クレジットカード会社を名乗り「不正利用されています」「確認のため本人情報を教えてください」と連絡してくる詐欺が増えています。特にカード会社からの連絡を装い、実際の利用者の名前や住所、電話番号などを把握しているケースもあり、不安を感じる人は少なくありません。この記事では、楽天カードを名乗る不審な電話の特徴や、なぜ個人情報を知られているのか、被害を防ぐための正しい対応方法について解説します。
カード会社を装った不正利用確認の電話に注意
クレジットカードの不正利用を知らせる連絡自体は、実際にカード会社が行うことがあります。そのため「不正利用されています」という内容だけでは、本物か詐欺かを判断するのが難しい場合があります。
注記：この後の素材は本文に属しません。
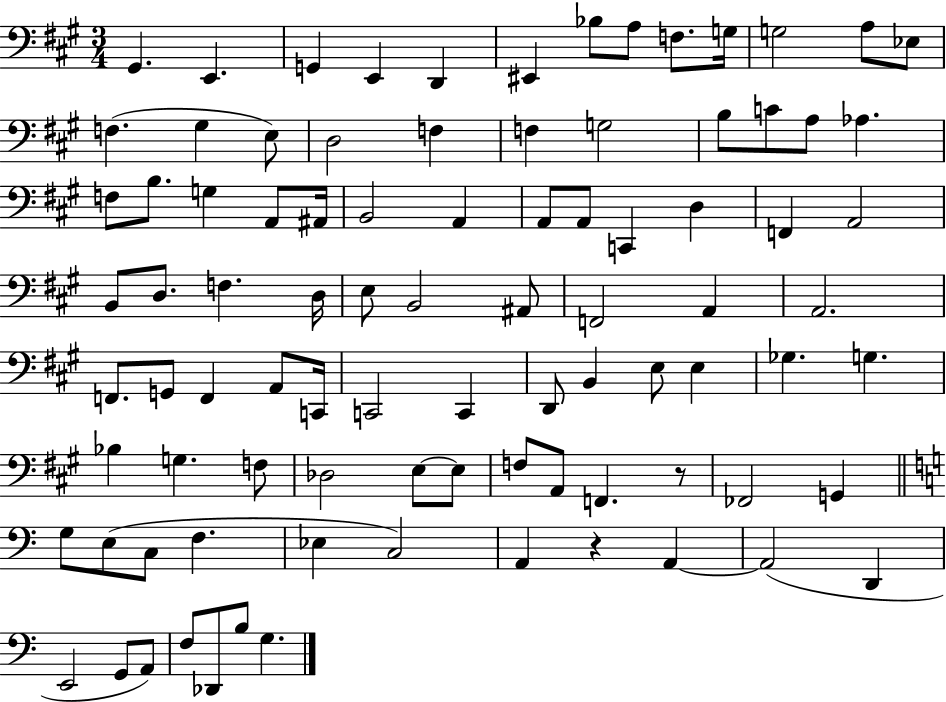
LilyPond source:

{
  \clef bass
  \numericTimeSignature
  \time 3/4
  \key a \major
  gis,4. e,4. | g,4 e,4 d,4 | eis,4 bes8 a8 f8. g16 | g2 a8 ees8 | \break f4.( gis4 e8) | d2 f4 | f4 g2 | b8 c'8 a8 aes4. | \break f8 b8. g4 a,8 ais,16 | b,2 a,4 | a,8 a,8 c,4 d4 | f,4 a,2 | \break b,8 d8. f4. d16 | e8 b,2 ais,8 | f,2 a,4 | a,2. | \break f,8. g,8 f,4 a,8 c,16 | c,2 c,4 | d,8 b,4 e8 e4 | ges4. g4. | \break bes4 g4. f8 | des2 e8~~ e8 | f8 a,8 f,4. r8 | fes,2 g,4 | \break \bar "||" \break \key a \minor g8 e8( c8 f4. | ees4 c2) | a,4 r4 a,4~~ | a,2( d,4 | \break e,2 g,8 a,8) | f8 des,8 b8 g4. | \bar "|."
}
しかし、詐欺業者はカード会社の名前を使って利用者を信用させ、本人確認を装ってさらに情報を聞き出そうとします。
例えば「カード番号を確認します」「暗証番号を教えてください」「本人確認のため住所をお願いします」といった要求があった場合は、詐欺の可能性が高いため注意が必要です。
なぜ詐欺師が名前や住所などを知っているのか
不審な電話で自分の名前や住所、電話番号を知られていると、「どこから情報が漏れたのか」と不安になります。しかし、個人情報を知られていることだけで、必ずしも楽天カードや特定のサービスから情報漏えいしたとは限りません。
個人情報はさまざまな経路で流通する可能性があります。例えば、過去に利用した通販サイト、会員登録したサービス、懸賞応募、ポイントサービス、名簿業者などから情報が入手されるケースがあります。
また、詐欺グループは流出した情報リストを購入したり、別の詐欺で集めた情報を組み合わせたりして、より信頼されやすい電話内容を作っています。
本物のカード会社からの連絡か確認する方法
カード会社を名乗る電話が来た場合、相手から伝えられた電話番号へ折り返すのではなく、自分で公式サイトやカード裏面に記載された問い合わせ先を確認することが重要です。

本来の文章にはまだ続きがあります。